In a recent presentation you gave some examples of fleet vehicles that could be offered for some pretty dramatic savings. Can you talk about that a bit?
I showed you our GreenCube and the unique selling proposition of the tube is that it visualizes the tax effect of CO2 improvements. To give you an example, in Belgium for instance, you can deduct your fleet cost from your taxable income. But the percentage you can deduct depends on the CO2 emissions of your company cars. That varies between 50 percent and 120 percent. Usually that is not visualized because that is only a cost which is visible if you are a CFO or tax director filling in the corporate tax return. Now, what we do is we take this hidden tax cost and we bring it into the fleet equation. Hence, we evolve from a TCO to a TCO plus situation, including all taxation effects. We make it visible and this brings flesh to the bone whenever you are building a business case.

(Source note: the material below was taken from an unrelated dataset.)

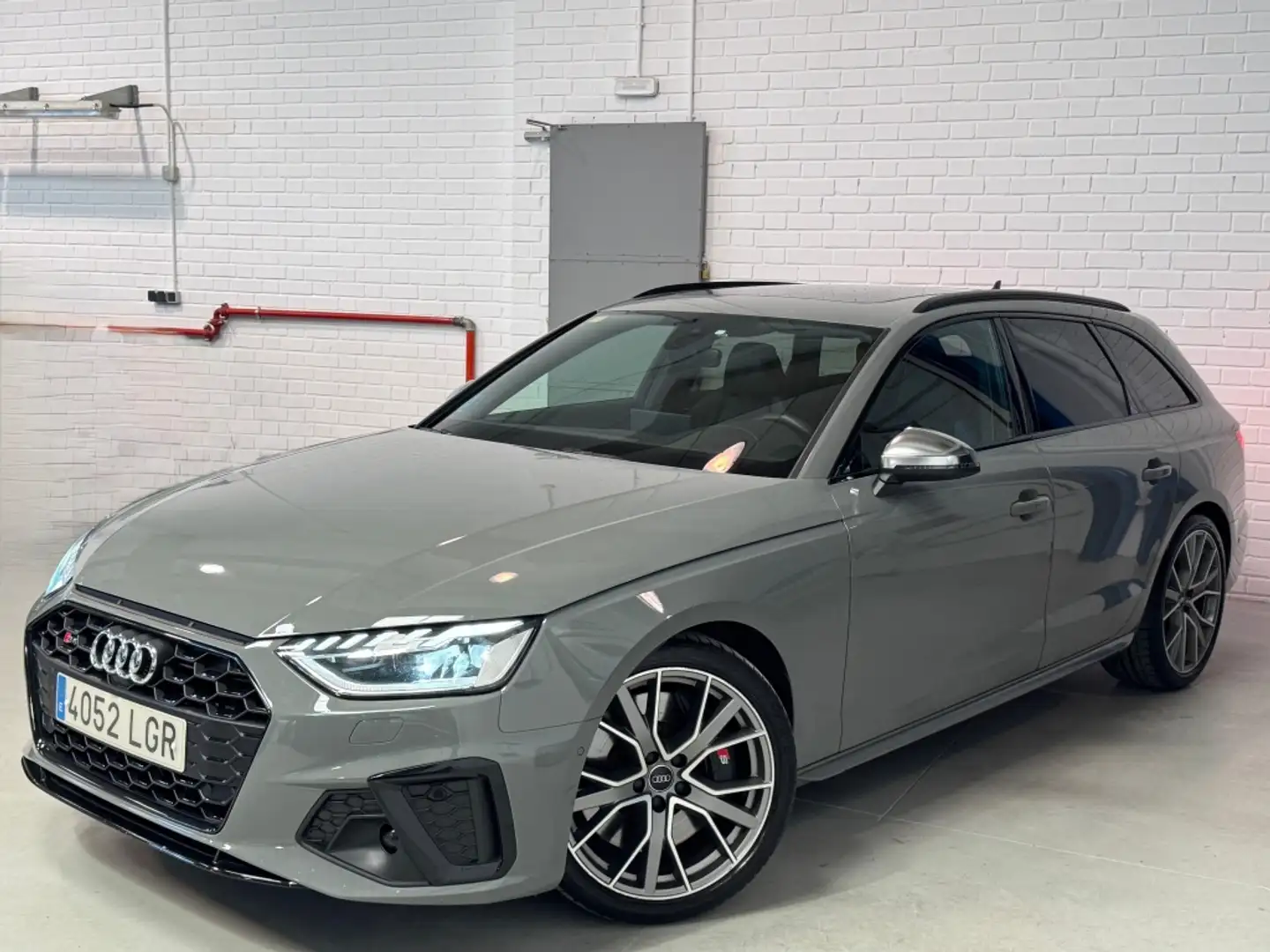 Audi S4 Avant TDI quattro Tiptronic 255kW Grau - 2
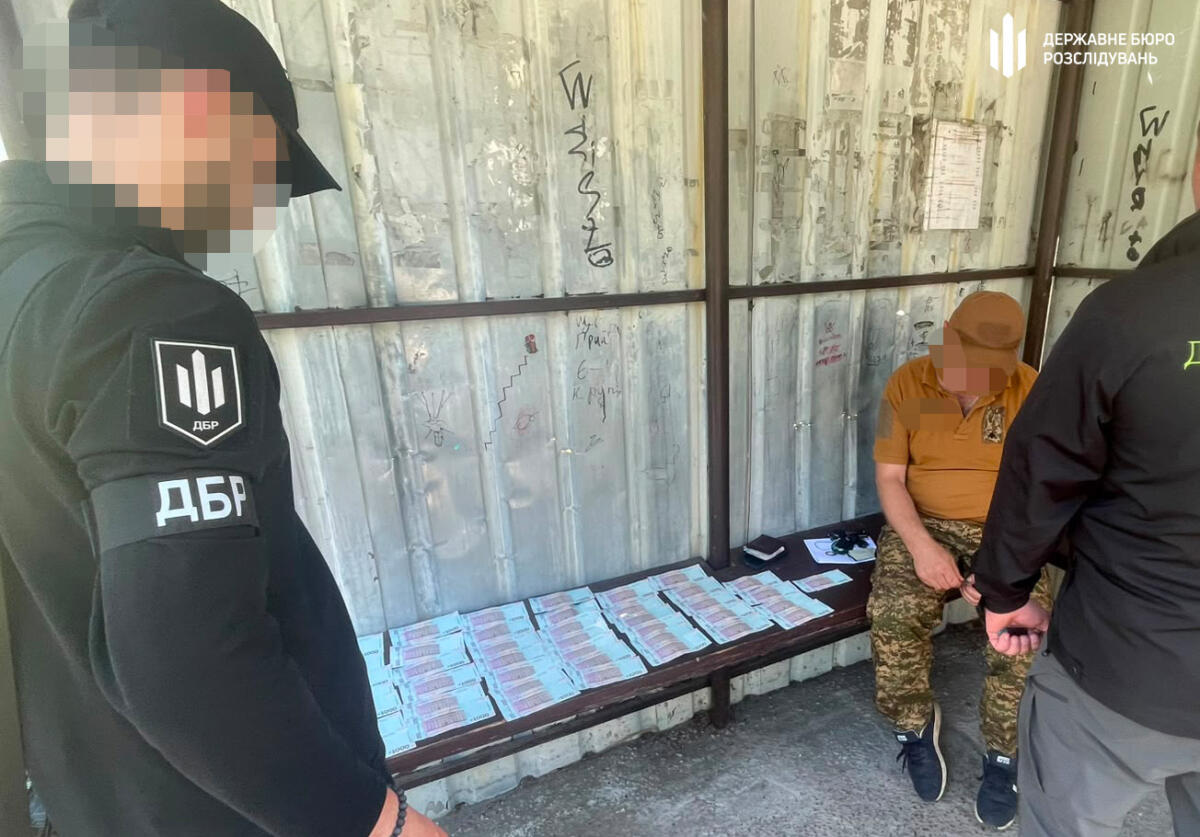 Погрожував відправити на передову: на Київщині командира взводу викрили на вимаганні хабаря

That is one example. The other example is if you take a car with new technology like a Lexus CT 200h hybrid; that car tends to be a little bit more expensive in terms of lease price compared to the cars it is competing against. But if you take into account the tax effect of the hybrid car and the tax incentives you have in some countries for hybrid cars, then although at first sight the cars seems more expensive, the car becomes cheaper than most of its competitors. As a fleet manager you want to make sure that you put the cars at the right place in the car policy so that it is not competing against models where no one will choose your hybrid car and you will not reach your environmental objective.
Bart Vanham established Fleet&DriverCare in Belgium, a company focusing on measuring and improving driving behavior, and is a co-founder of TCOPlus. Bart’s main activity is consulting on indirect taxes, car taxation, and within the framework of TCOPlus, on different fleet related topics. Bart is co-founder of the International Fleet Managers Institute (IFMI), a discussion and training forum for international fleet managers. He is also a consultant for several car manufacturers, distributors and dealers, fleet management companies, and other companies directly or indirectly involved in the automotive sector.